Leave every picture out, and retype all the remaining records exactly.
-- -- --
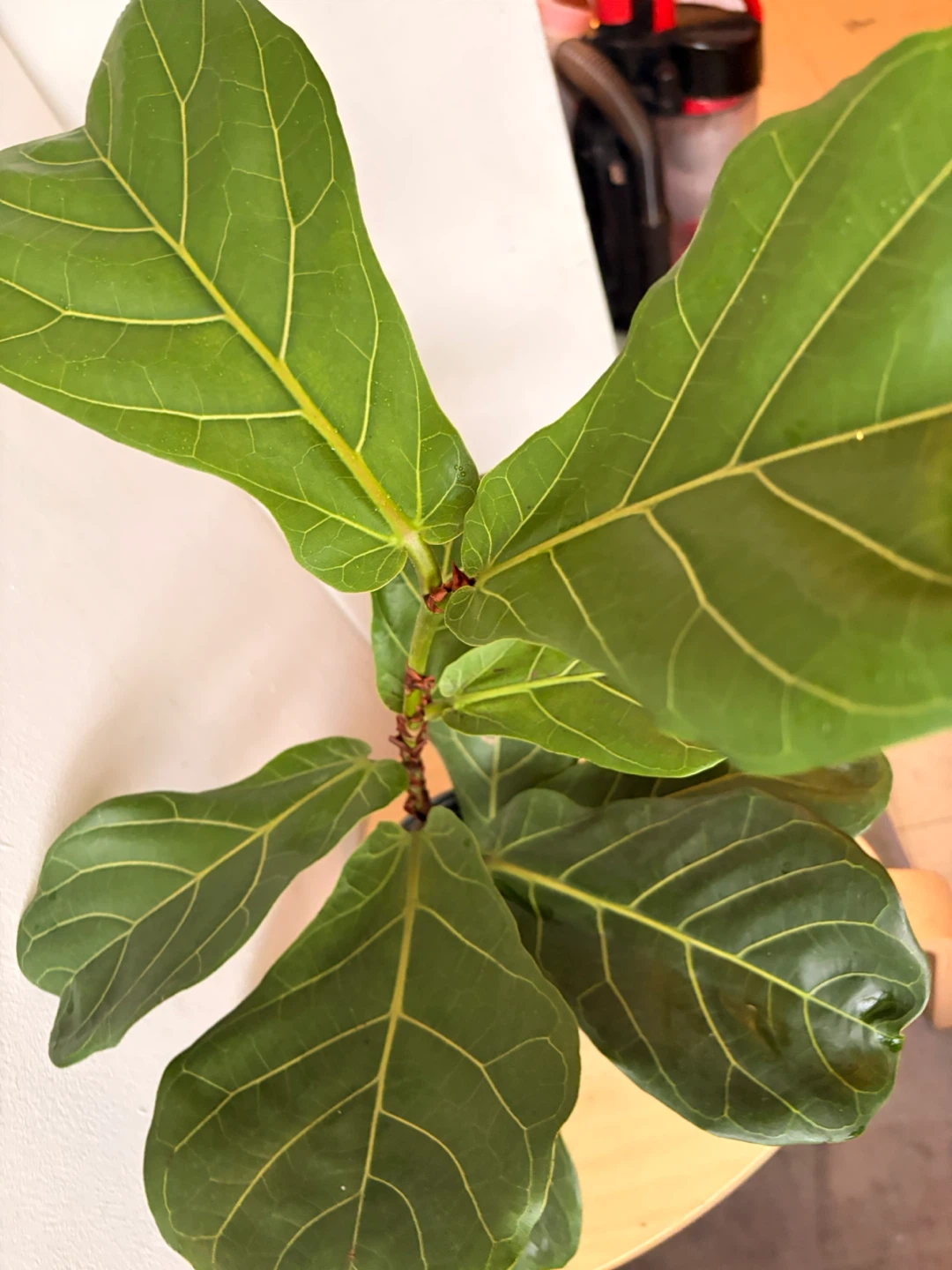 Ficus Lyrata plant - photo 5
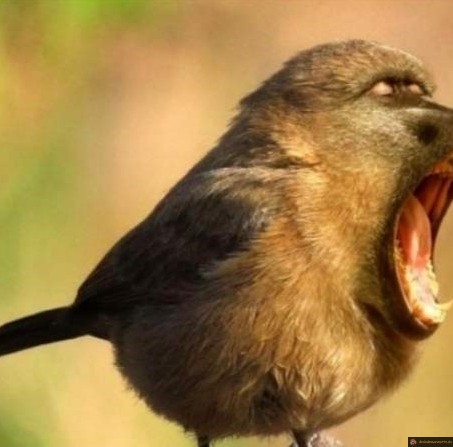 Les oiseaux à 5h du mat
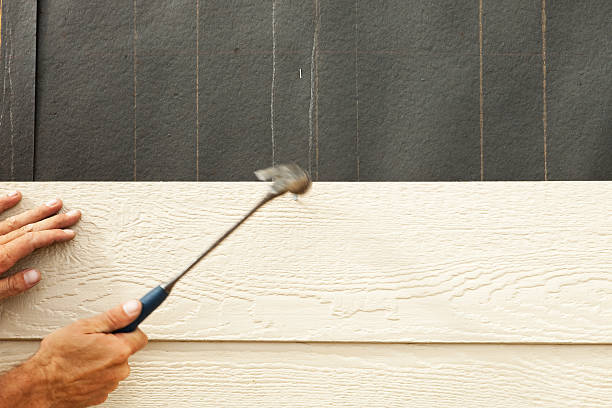 Best Vinyl Siding Installation  in Morgantown, MS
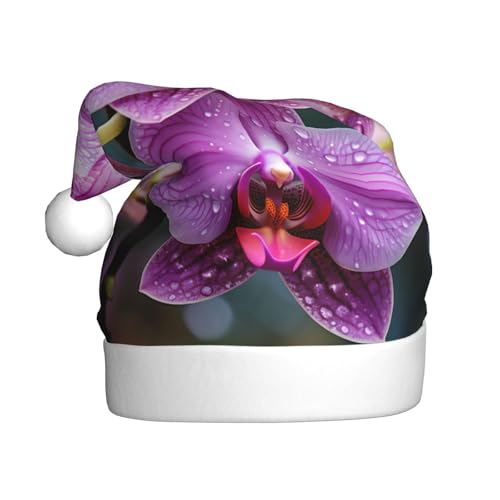 WZYCWB Malaysische Nationalblume Erwachsene Weihnachtsmütze Unisex Weihnachtsmann Weihnachten Halloween Urlaub Party Erwachsene Plüsch Weihnachtsmütze WZYCWB Malaysische Nationalblume Erwachsene Weihnachtsmütze Unisex Weihnachtsmann Weihnachten Halloween Urlaub Party Erwachsene Plüsch Weihnachtsmütze von WZYCWB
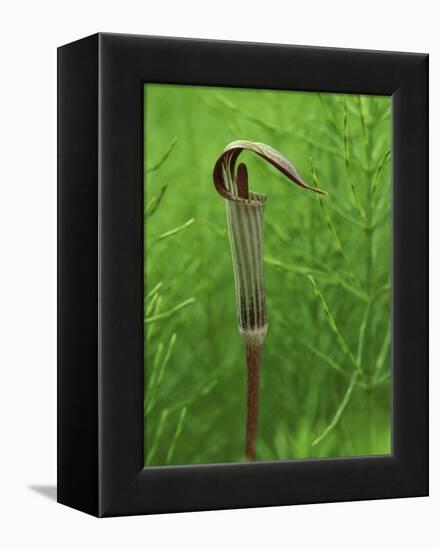 Jack-In-The-Pulpit Flower Amid Green Equisetum Ferns in Springtime, Michigan, USA-Mark Carlson-Framed Premier Image Canvas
-- -- --
■ ANSWER SECTION
 Ficus Lyrata plant - photo 5
 Les oiseaux à 5h du mat
 Best Vinyl Siding Installation  in Morgantown, MS
 WZYCWB Malaysische Nationalblume Erwachsene Weihnachtsmütze Unisex Weihnachtsmann Weihnachten Halloween Urlaub Party Erwachsene Plüsch Weihnachtsmütze WZYCWB Malaysische Nationalblume Erwachsene Weihnachtsmütze Unisex Weihnachtsmann Weihnachten Halloween Urlaub Party Erwachsene Plüsch Weihnachtsmütze von WZYCWB
 Jack-In-The-Pulpit Flower Amid Green Equisetum Ferns in Springtime, Michigan, USA-Mark Carlson-Framed Premier Image Canvas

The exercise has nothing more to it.